The Innovation / Strategic Plan loop (light blue arrows)
This is the first of the more complex spaces – innovative ideas can come from anywhere in the business and are actively encouraged by leading organisations such as Google and 3M. Conversely, an organisational objective may require innovation to allow it to come to fruition. One of the most challenging objectives in recent times was Kennedy’s commitment to “before this decade is out, [land] a man on the moon and return him safely to earth.” The amount of scientific innovation required to achieve this objective was incredible.

The organisation’s governance processes and strategic development processes need to both encourage innovation whilst recognising that not every innovative idea will be appropriate for the overall development of the organisation. This requires the implementation of systems to encourage innovation, collect and sort innovative ideas and move the ‘right’ ideas into the strategic plan, where necessary revising and changing the plan to grab the innovative advantage.

The Feasibility loop (orange and yellow arrows)
Having innovative ideas and creative business cases is one thing, validating the feasibility of an idea is altogether different! The ability to test, validate and work-up innovative ideas into practical project specifications is a critical organisational capability. On mega projects the pre-feasibility and feasibility studies may in fact be significant projects in their own right involving considerable expenditure, feeding back to a gateway or portfolio management process to allow the next stage of the project to commence.

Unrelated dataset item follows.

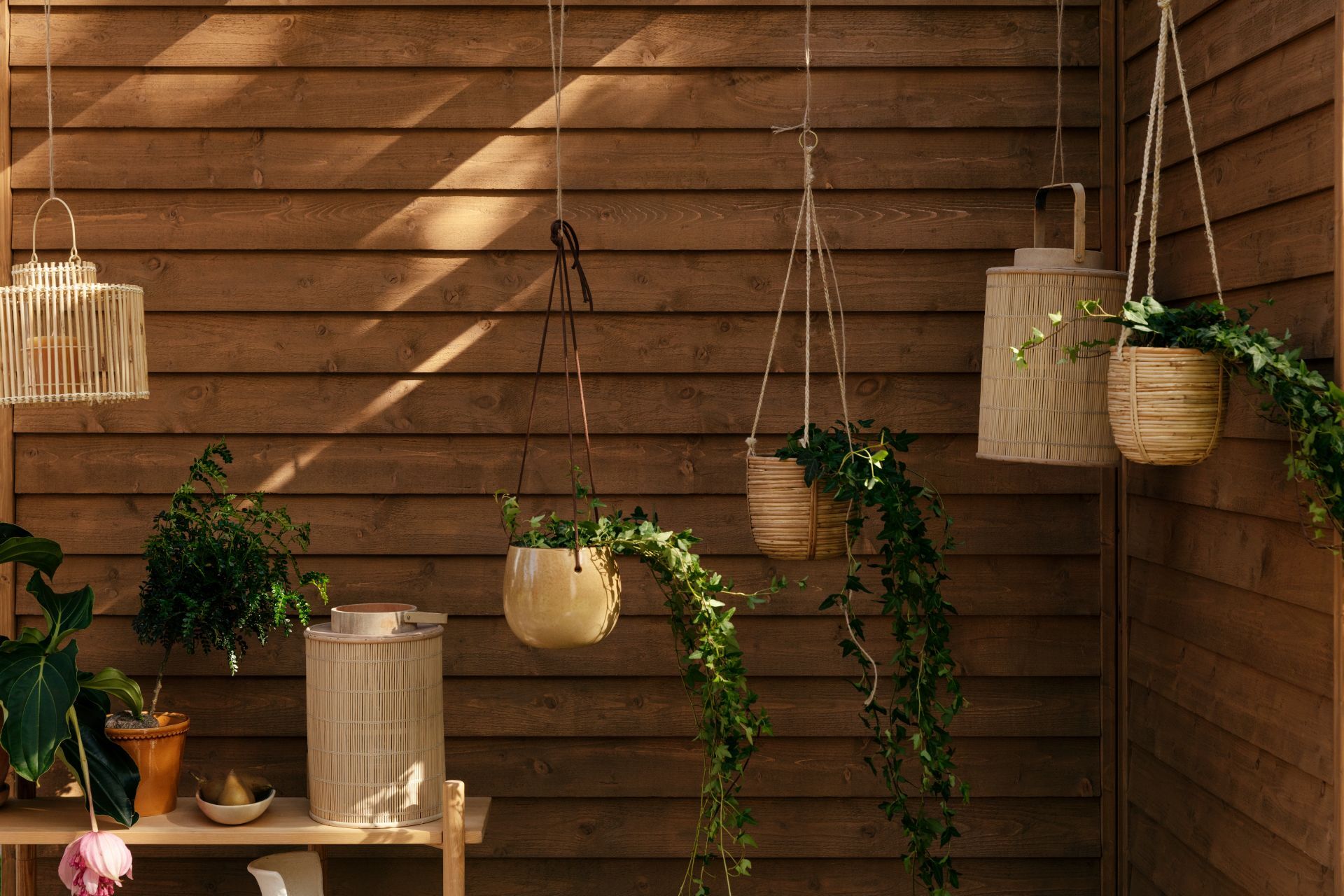 natural colour wooden panel wall and flower pots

Several of the ‘gateways’ defined in most standard ‘gateway processes’ precede the commissioning of the main project and the organisation needs the capability to make informed decisions based on good quality information. This aspect of the value creation chain is industry specific and may be a central function or distributed across different business centres. What matters is the capability exists with the necessary skills to validate ideas and design projects ready for the more traditional project management processes to take over once the project is formally authorised.

Conclusion
The long term viability of any organisation depends on its ability to innovate. Traditional project and program management focus on doing the selected projects/programs ‘right’. But it is the ‘front end’ processes discussed in this post leading up to the investment decision that determine if the ‘right’ project is being selected for the ‘right’ reasons!

The effective governance of an organisation should require its management to invest sufficient skills and resources in these ‘front end’ processes to ensure a steady flow of innovative ideas, feeding into an effective and flexible strategic planning system, linked to a disciplined portfolio management process; to ensure the optimum mix of ‘right’ projects and programs are commissioned and supported.